Counterexample: It is easy to verify that R={(a, b), (b, c), (c, a)} and S={(a, c), (c, b), (a, b)} are transitive relations on {a, b, c}, but (a, c)

4) Error

Look at the definition and you will know that it must be wrong. "A good order is a complete order with a good foundation." Obviously, the definition of a good order is stronger than that of a complete order, and it is a good order. A good order is not necessarily a complete order.

Counterexample: (z, ≤) is a complete order, but it is not a good order.

5) Correct

Of course, this proposition holds if you can give an example, which is similar to the meaning of 4).

Let a = "(x, ≤) be a good order "and b = "(x, ≤) be a complete order",

Then A→B, but there is no B→A, so a ≠ b.

6) Error

Let f: n→ n, f (0) = 0, f (n) = n-1(n >; 0),

g:N→N，g(m)= m+ 1；

It is easy to get that f g = I (n) is bijective, but G is not surjective, because 0∈N but 0 does not belong to g(N).

7) Correct

∵A is included in B,∴x∈A→x∈B,∴x∈A∪B→(x∈A or x∈B)→(x∈B or X ∈)

8) Correct

If a subset of a poset has a lower (upper) supremum, then the upper (lower) supremum is unique, which can be proved by reduction to absurdity. It is also very useful in the mathematical analysis of supremum mentioned here.

9) Error

The negation of the predicate "all yes" should be "not all yes", so the negation proposition should be "Zhang Ming and Li Hong are not both good students".

The difference between "nothing" and "not all" should be clear and semantically clear ~

10) correct

The definition of "reflexivity" comes out in one step (note that I(A)={(x, x)|x∈A}).

1 1) is correct.

It's too obvious ...

12) correct

Example: A = {1}, B = {1, {1}} are examples of satisfaction.

13) correct

I(A)∪I(B)=I(A∪B) can be directly proved from the conclusion of 10.

14) correct

(a 1，a2) r 2 (b 1，B2)，(b 1，B2) r 2 (c 1，C2) → (a 1，a2)，(b 1。

(b 1,b2),(c 1,c2)∈r→(a 1,a2),(c 1,c2)∈r→(a 1,a2)r^2(c 1,c2)

So as long as R is a relation, whether R is transitive or not, R 2 = R× R is transitive.

15) correct

Like 10), it is also a direct conclusion from the definition: iff (take A, b ∈ A has (A, b)∈R, (B, a)∈R→a=b) iff (take A, B ∈)

16) correct

It is easy to prove that {[a] | A | ARB} is the division of A with respect to R by taking the equivalence relation R on set A and a∈R, [a] =

That is, the equivalent class A/R about r.

17) error

See 2) for counterexamples.

18) correct

There are no conjunctions and punctuation marks.

19) correct

Know things clearly.

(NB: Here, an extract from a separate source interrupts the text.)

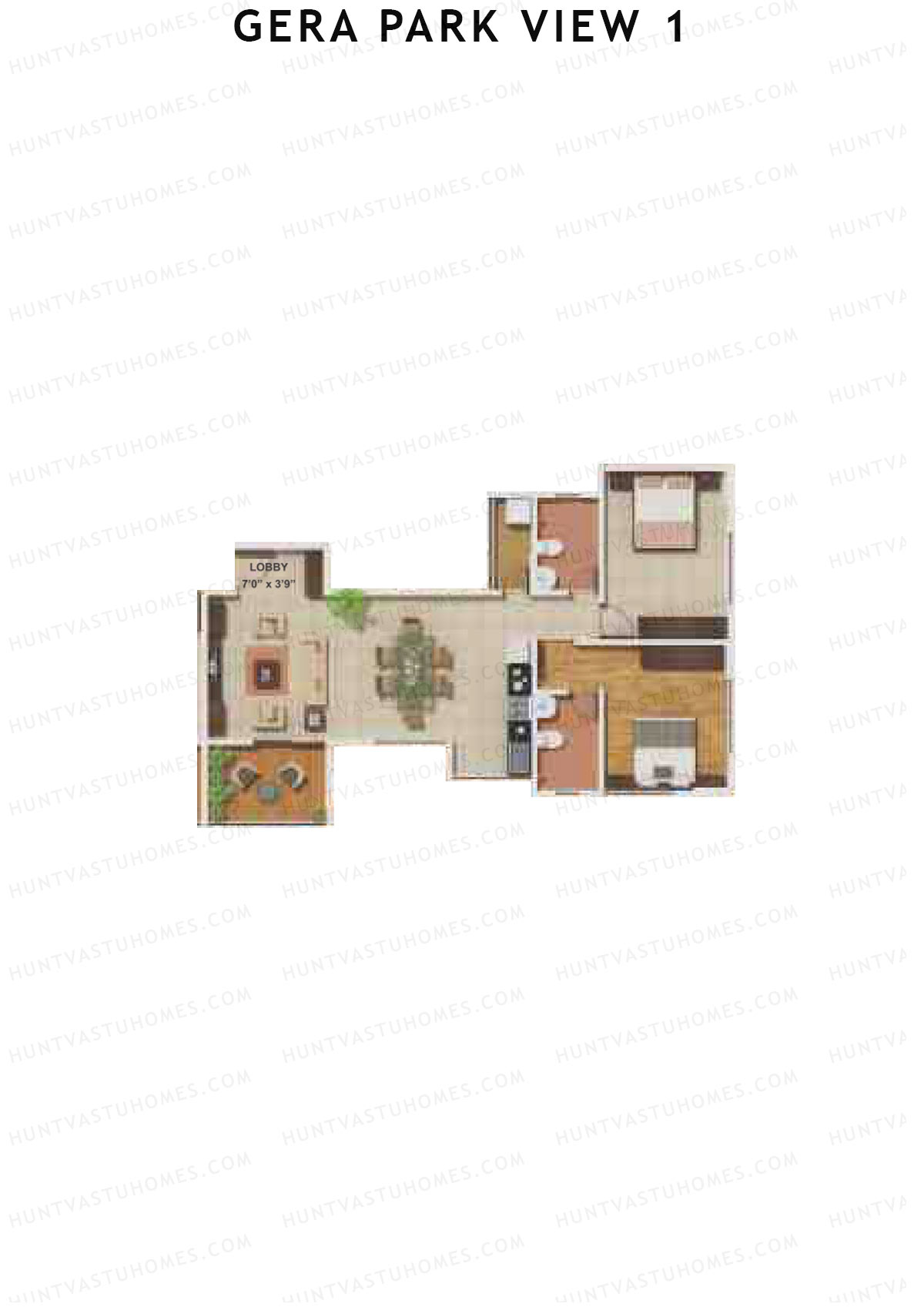 Gera Park View 1 Tower H Unit 7 Floor Plan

The general method to prove the equality of sets is to prove bidirectional inclusion.

20) Error

This is an atomic proposition. "Red and yellow can be blended into orange" = "Red and yellow can be blended into orange",

There is also ≦ "Red can be turned into orange, and yellow can be turned into orange", which needs to be clarified.